Clean Green

Campaign funding bill stalls in state Senate, but ballot proposition looms.

If the 2006 elections unfold similarly to the 2002 elections, then money will appear to be the determining factor in the majority of the races. An analysis of the state’s election four years ago shows that candidates who outspent their rivals in both the primary and general elections came out victorious more than 95 percent of the time.

Those stats are sobering to Susan Lerner, executive director of the California Clean Money Campaign, which sponsored the analysis. For years, Lerner has been working with state legislators to pass a “clean money” bill that would allow candidates to forgo private money and accept a limited amount of public cash to run their election campaigns.

The idea that private contributions influence elected officials is quite old, as is the idea of divorcing the two for the good of democracy. In 1907, President Theodore Roosevelt spoke of a similar plan. “The need for collecting large campaign funds would vanish if Congress provided an appropriation for the proper and legitimate expenses of each of the great national parties,” he said.
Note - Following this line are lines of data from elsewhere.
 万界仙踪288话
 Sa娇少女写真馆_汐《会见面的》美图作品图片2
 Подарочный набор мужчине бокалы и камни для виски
State Assembly Bill 583, spearheaded by Assemblywoman Loni Hancock (D-Berkeley), passed the Assembly in January. The bill would give candidates the option to pay for a campaign with public money as long as they could raise a certain number of $5 donations. But many of the bill’s details are unknown. Those are being painstakingly hammered out in the state Senate, where a vote on the bill in the Senate Elections Committee is slated for June 21.

One of the two big unknowns about AB 583 is where the approximately $200 million in needed public financing funds will come from. Another unresolved issue is how to handle independent expenditures, like issue ads that indirectly back specific candidates.

Hancock says clean money is a bipartisan issue and voters are skeptical of today’s political class. “More than 70 percent of Californians said the state is being run by big interests,” she says.

Ultimately, AB 583 may not need the Senate’s approval.

In May, the California Nurses Association submitted more than 600,000 signatures to place a clean money proposition on November’s ballot—an election that will undoubtedly and ironically result in the spending of millions of campaign dollars.